### WHAT NEEDS TO BE DONE
Your answer should consist only of the lines below from the one with "Custom Tube Bandana - Umbra Drift" through the one with "BAPE x Champion", copied exactly.

### DATA TO EXAMINE
<<<<
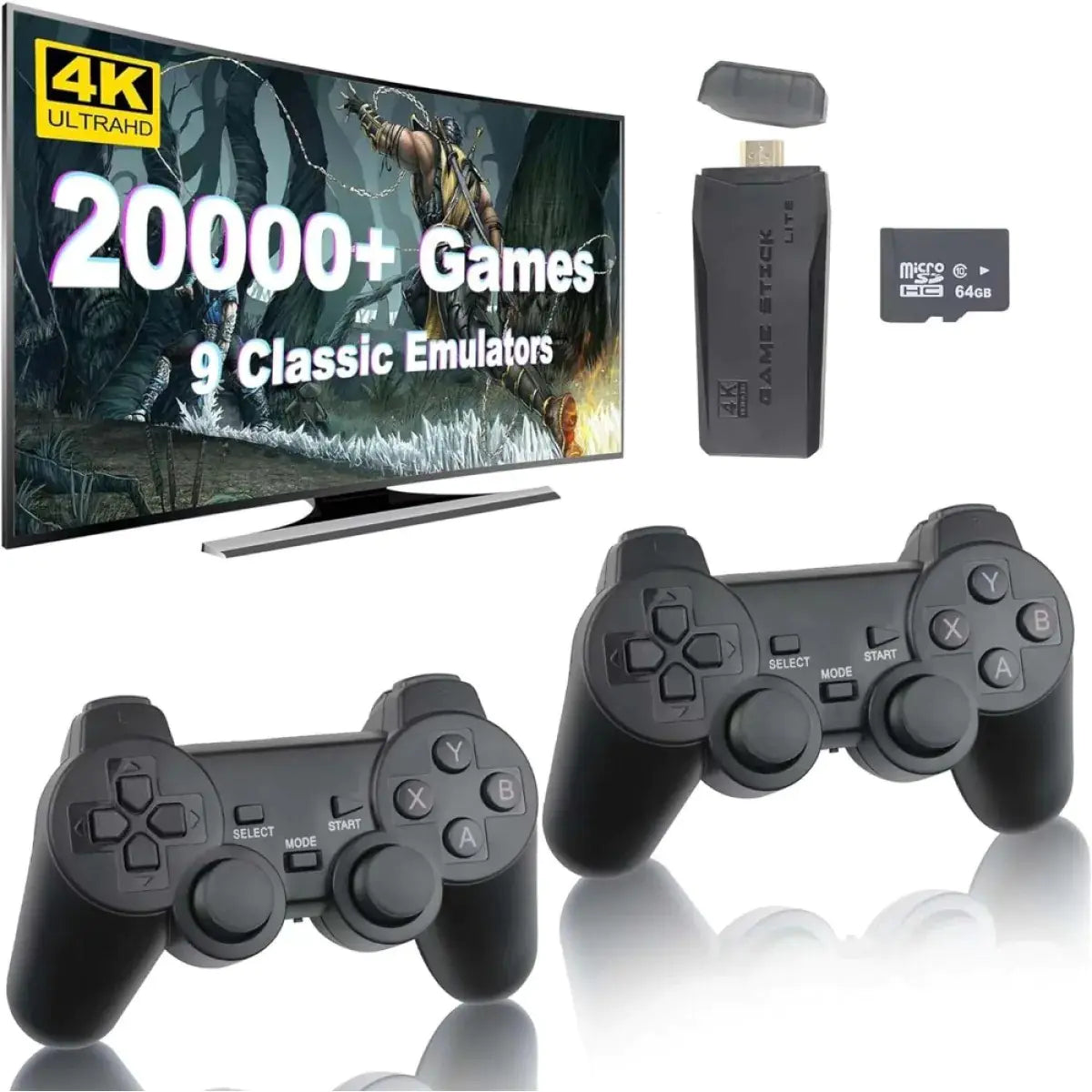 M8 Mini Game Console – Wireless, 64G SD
>>>>
<<<<
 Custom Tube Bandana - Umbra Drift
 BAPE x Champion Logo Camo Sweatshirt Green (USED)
>>>>
### EXERCISE RESULT
 Custom Tube Bandana - Umbra Drift
 BAPE x Champion Logo Camo Sweatshirt Green (USED)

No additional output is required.